Decision tree classifiers are widely used because of the visual and transparent nature of the decision tree format. They can suffer badly from overfitting, particularly when a large number of attributes are used with a limited data set. The list of free decision tree classification software below includes full data mining platforms such as KNIME, RapidMiner and Orange, and some stand-alone libraries. BigML is different in that it is a cloud based service with a fairly generous free subscription.
BigML is a commercial platform with a generous free subscription. It is a cloud based service with an attractive interface and support for decision tree classifier creation and random forest. Models can be accessed via an API.
KNIME is a visual data mining platform in open source and commercial versions. It caters for decision tree classification of nominal attributes, while other attributes may be nominal or numerical. The algorithm provides two quality measures for split calculation; the gini index and the gain ratio. Further, there exist a post pruning method to reduce the tree size and increase prediction accuracy. The pruning method is based on the minimum description length principle.

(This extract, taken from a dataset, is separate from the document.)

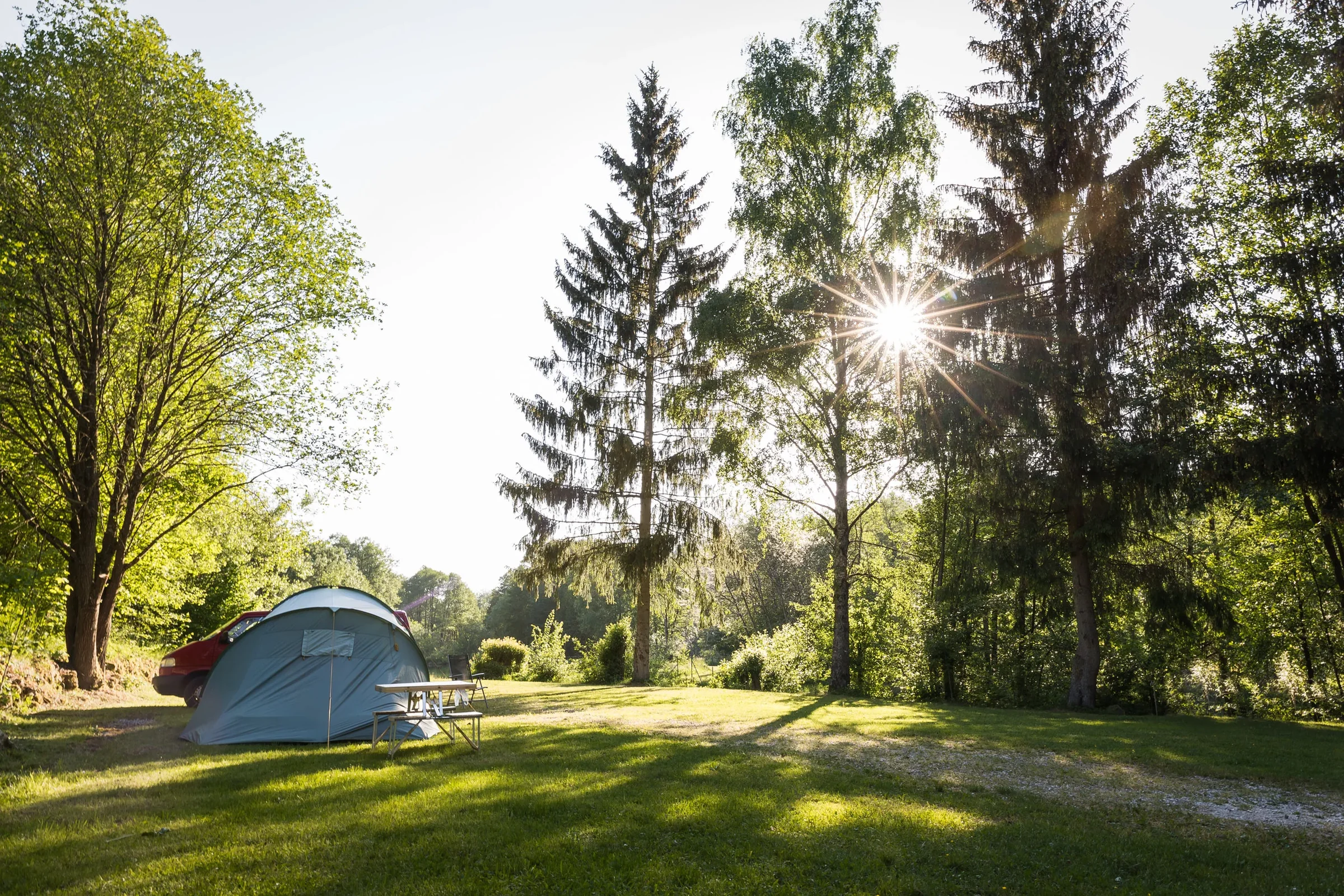 Zelt auf einer sonnigen Wiese zwischen hohen Bäumen.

Orange includes multiple implementations of classification tree learners: a very flexible TreeLearner, a fast SimpleTreeLearner, and a C45Learner, which uses the C4.5 tree induction algorithm.
PC4.5 uses C4.5 to build decision trees on parallel hardware architectures. PC4.5 runs on SunOS, Solaris and Linux machines. In an N trial c4.5 run, a single process builds N classification trees one by one and then picks the best one. In PC4.5, the N trials are each handled by a process and each process is run on a different machine (if N or more machines are available).

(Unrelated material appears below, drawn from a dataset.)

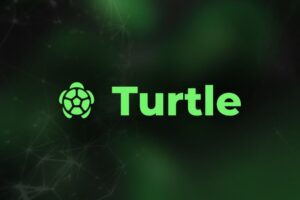 Coin TURTLE là gì? Phân tích & đánh giá chi tiết TURTLE  – Token DeFi 2025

RDataMining is a R package that performs most data mining functions, including decision tree classification.
RapidMiner comes in both open source and commercial versions. The support for decision trees includes classification for both nominal and numeric data, and splitting is accomplished using information gain, mini index, or gain ratio algorithms. Several parameters control the creation of the tree, including pruning parameters. A CHAID (Chi-square Automatic Interaction Detector) operator is also included that uses a chi-squared based splitting criterion.

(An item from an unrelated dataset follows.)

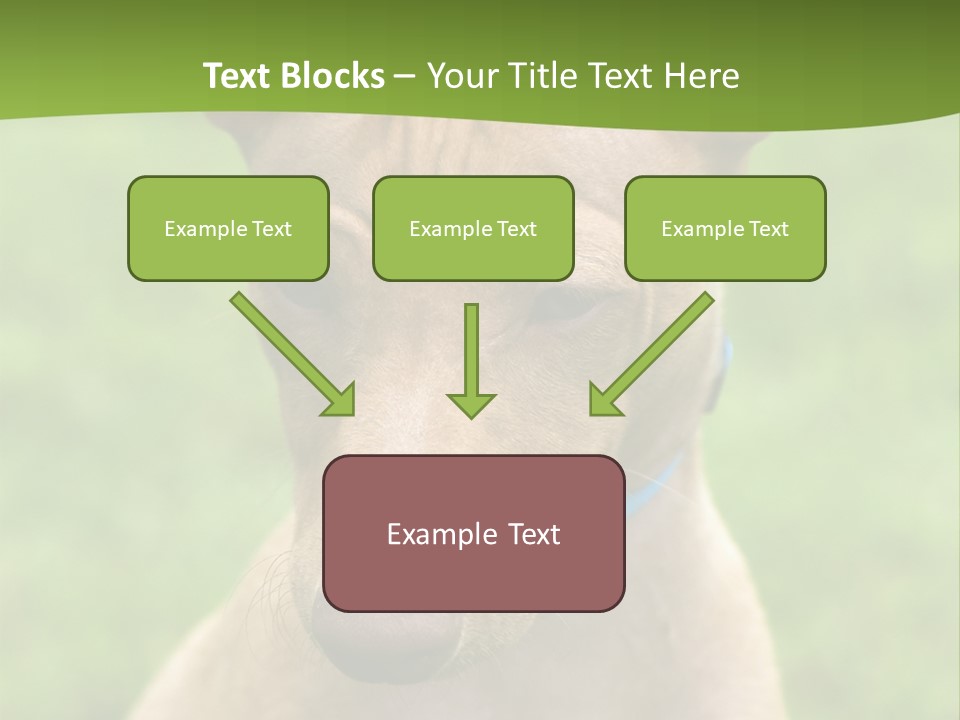 Cirneco Dell'etna, Sicilian Hound Puppy PowerPoint Template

Scikit-Learn is a machine learning library for Python. It includes a large number of methods and algorithms, and decision tree classification is well catered for. The supported algorithms include ID3, C4.5, C5.0 and CART.
Smiles is a machine learning system that integrates many different features from other machine learning techniques and paradigms and, more importantly, it presents several innovations in almost all of these features. In particular, SMILES extends classical decision tree learners in many ways (new splitting criteria, non-greedy search, new partitions, extraction of several and different solutions), it has an anytime handling of resources, and has a sophisticated and quite effective handling of (misclassification and test) costs.
WEKA is often incorporated into other data mining and analytics platforms – KNIME and RapidMiner for example. It contains a large number of decision tree classifiers – about a dozen in all.
YaDT is a new from-scratch implementation of the entropy-based tree construction algorithm. It has been designed and implemented in C++ with strong emphasis on efficiency (time and space) and portability (Windows/Linux, 32/64 bit executable).